Chateau Chenonceau
On autumn mornings and evenings in the Loire valley the river’s mist is so impenetrable that its many chateaux appear as ghostly forms only as you draw near them. Up close, colours are thrown into relief against the indistinct landscape. The green of formal gardens and blue of slate roofs are particularly vivid. Nowhere is this effect more striking than at the Chateau Chenonceau, built on piers over the river itself.
You approach the chateau up a long alley vaulted with the boughs of tall plane trees, which loom out of the mist as you walk. The avenue’s end is only a faint grey blur, bounded by a pair of stone sphinxes that flank the walkway. Up ahead, the Chateau Chenonceau appears to float above the water. It is small, white, with blue pinnacles and towers. It sits atop the piers of an old mill and spans the river. As you reach it by a small bridge you feel like a lost wanderer in an especially fantastical story.
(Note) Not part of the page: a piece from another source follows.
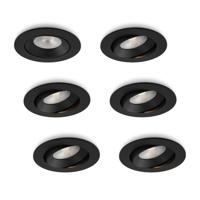 LED-inbouwspot Ozera zwart 10W dimbaar IP54 2700K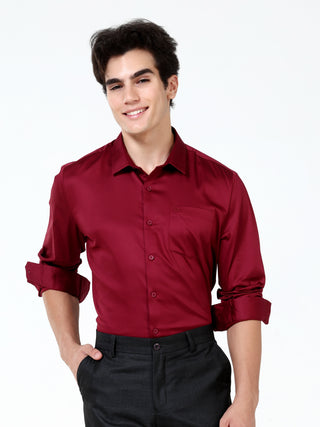 Merlot Maroon Satin Solid Classic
I had visited the chateau once before when I was sixteen and had found it deeply enchanting, by far my favourite of the Loire’s many chateaux. On my second visit to the region, just this year, I had chosen to end my trip at Chenonceau, on my last evening in the valley, without remembering what it was. I became giddy upon seeing the tree ally and realizing that I was back at the place I had most desired to see. I felt a remarkable resolution at being in that same place, a continuity of experience and self that had eluded me for some time.
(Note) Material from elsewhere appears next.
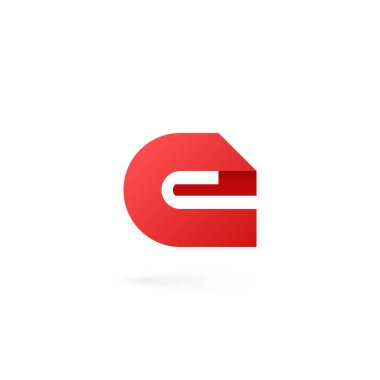 E harfinin logosu Beyaz alfabe arka plan üzerinde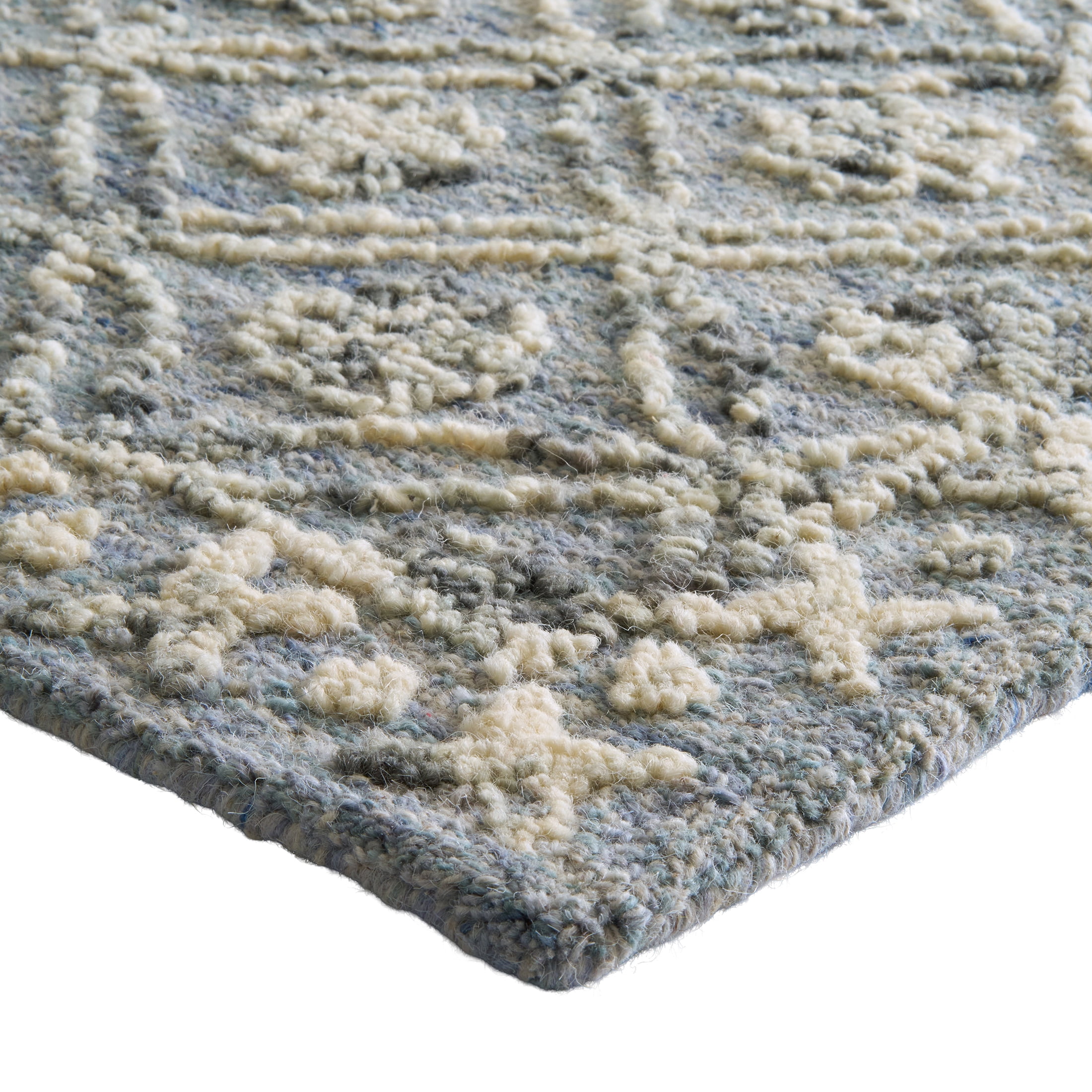 Better Homes & Gardens Blue/Silver Floral Trellis Indoor Area Rug, 5' x 7'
I found myself caught in the rain part way down the ally and ran over the bridge to find refuge inside. It was in the evening and the chateau was empty. I lowered my shawl from my head and stepped onto the terracotta tiles of the front entry. Water dripped off my dress onto the floor.
The rooms are small, with high ceilings and lead-paned windows. They are comfortable, almost cosy, and I sat by an open window in one of the bedrooms and watched the rain fall on the water below me. The chateau is modeled after a Venetian palace, and it shares something of Venice’s surreal beauty, as well as naturally evoking the Venetian lagoon by its situation over the water. And yet with its fairy tale pinnacles it is distinctly of the Loire.
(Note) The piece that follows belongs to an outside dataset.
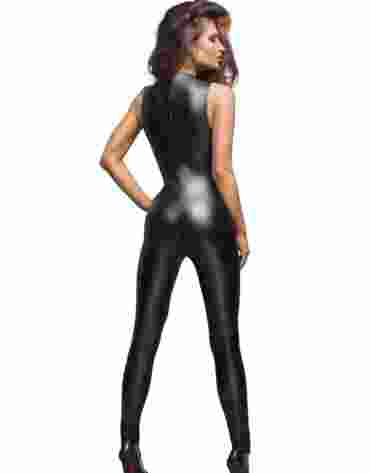 F167 Sleeveless powerwetlook overall with lace M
I spent hours wandering alone through the house: down its bright gallery lined with windows and tiled in white and black; into its low, glowing kitchens; up to its elegant bedrooms, and its rather sinister and dark top floor. Many of the rooms are adorned with Italian paintings, sumptuous Gobelin tapestries and courtly portraits. Their walls are lined in richly coloured silk and the floors were once elaborately painted. Now only remnants of the blue patterns remain around the edges of the rooms. It is a quiet, peaceful, and faintly echoing place. I lingered as long as I could, until the rain passed, before making my way back down the misty ally. I left feeling at home and very altered—which is to say, I realized how very little I had actually altered in the intervening years between my two visits to Chenonceau.